* [Exercise directions]: The response should consist of the data below, copied exactly, with no pictures in it.
==== Listed entries
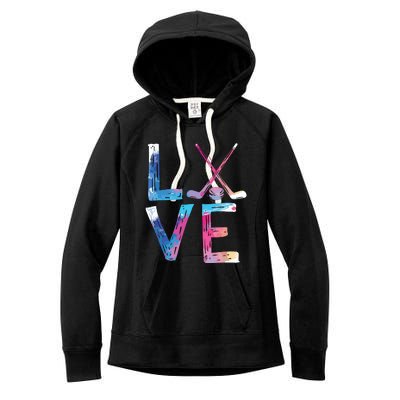 Love Ice Hockey Gifts Womens Ice Hockey Women's Fleece Hoodie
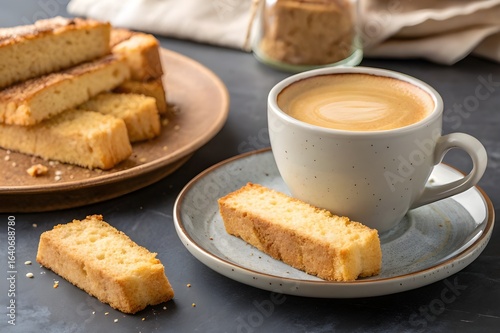 cup of coffee and cake rusks 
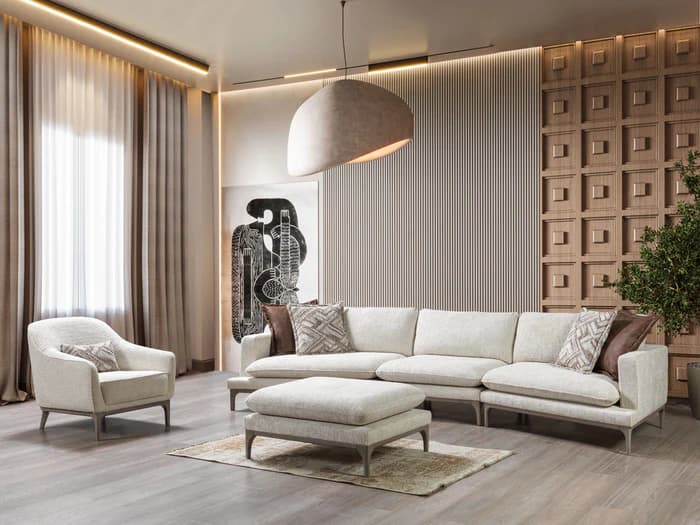 Dylan Ivory Linen 3-Piece Curved 126" Sectional with Ottoman  | image 5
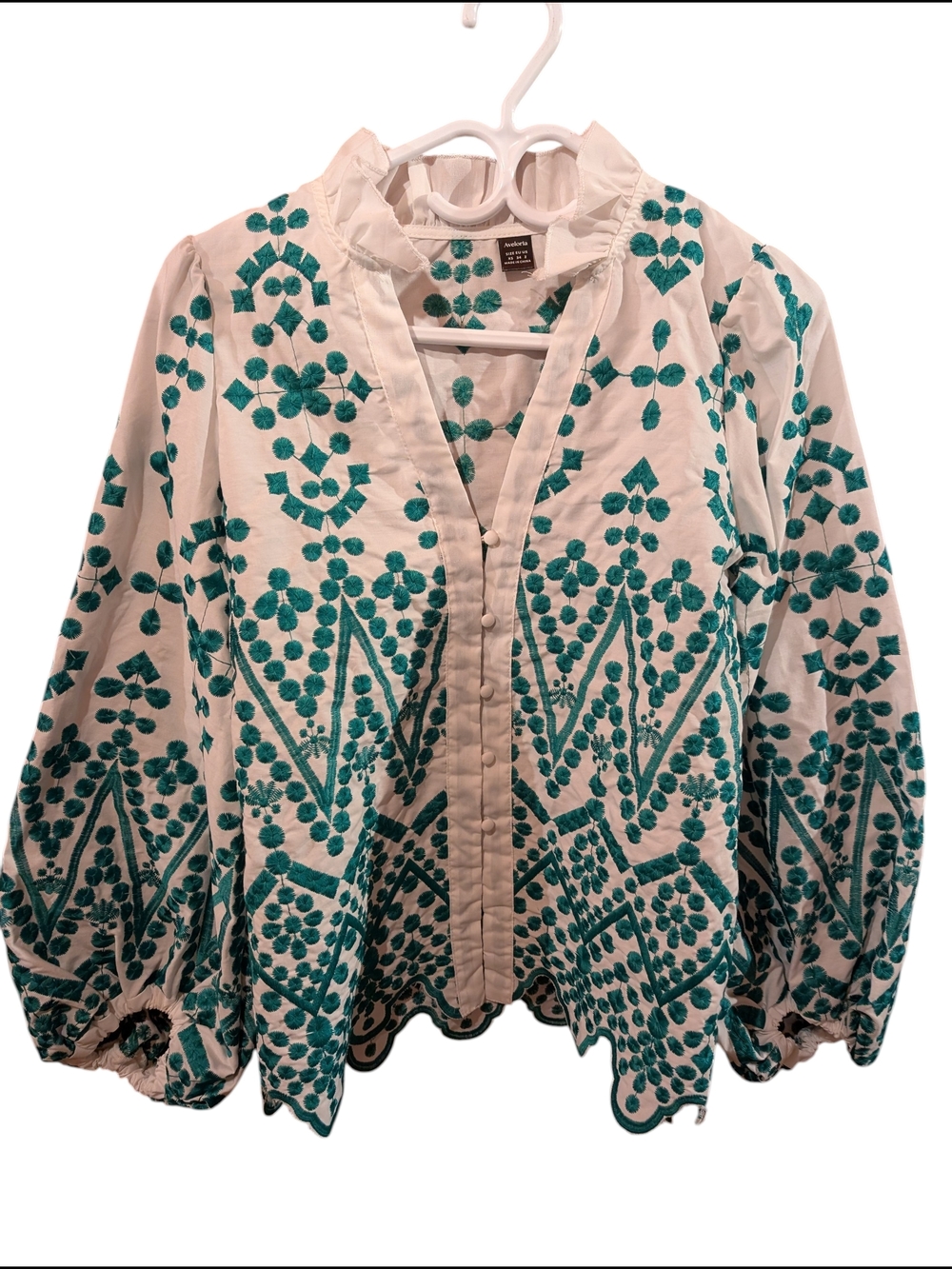 Embroidered White Peasant Blouse with Teal Pattern
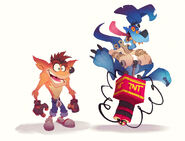 Concept art of Ripper Roo with Crash.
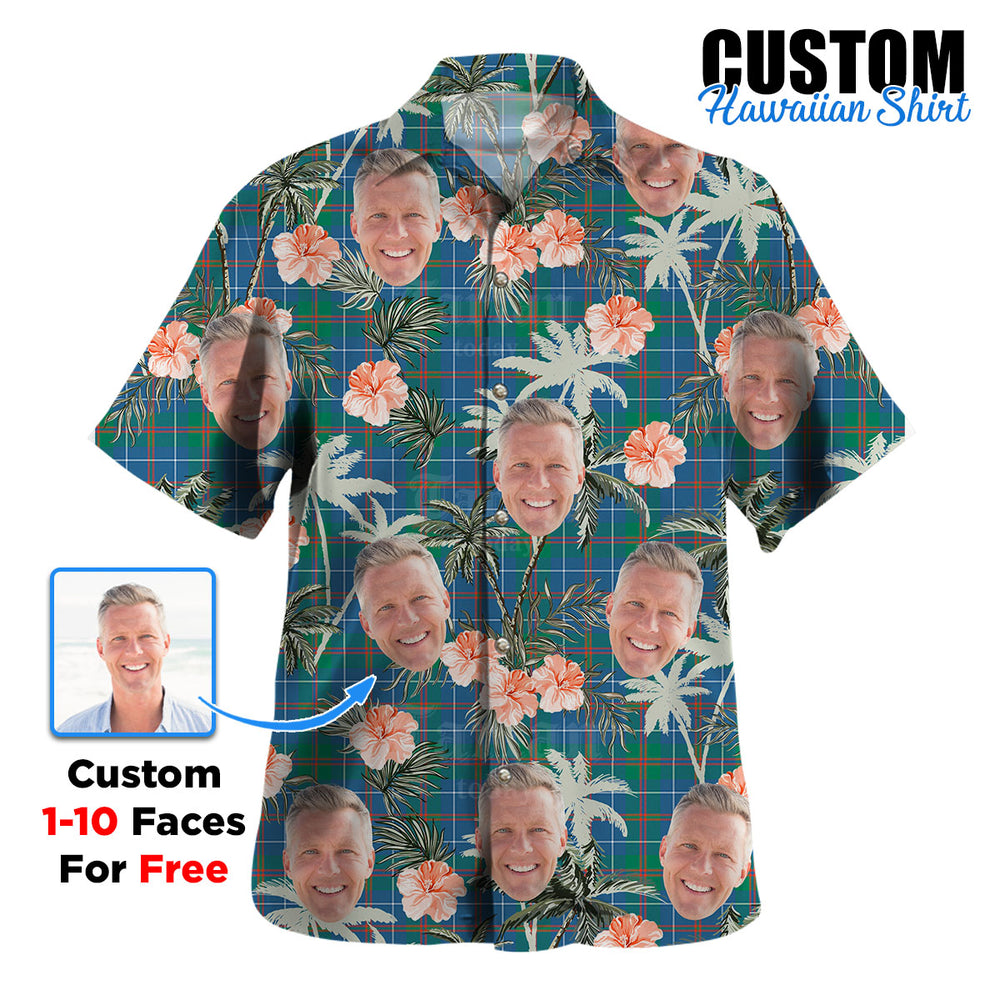Clan MacHardy Ancient Tartan Custom Face Hawaiian Shirt – Unisex Gift for Family Members, Summer Party MW29 MacHardy Ancient Tartan Tartan Hawaii Shirt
========
* [Task solution]:
 Love Ice Hockey Gifts Womens Ice Hockey Women's Fleece Hoodie
 cup of coffee and cake rusks 
 Dylan Ivory Linen 3-Piece Curved 126" Sectional with Ottoman  | image 5
 Embroidered White Peasant Blouse with Teal Pattern
 Concept art of Ripper Roo with Crash.
Clan MacHardy Ancient Tartan Custom Face Hawaiian Shirt – Unisex Gift for Family Members, Summer Party MW29 MacHardy Ancient Tartan Tartan Hawaii Shirt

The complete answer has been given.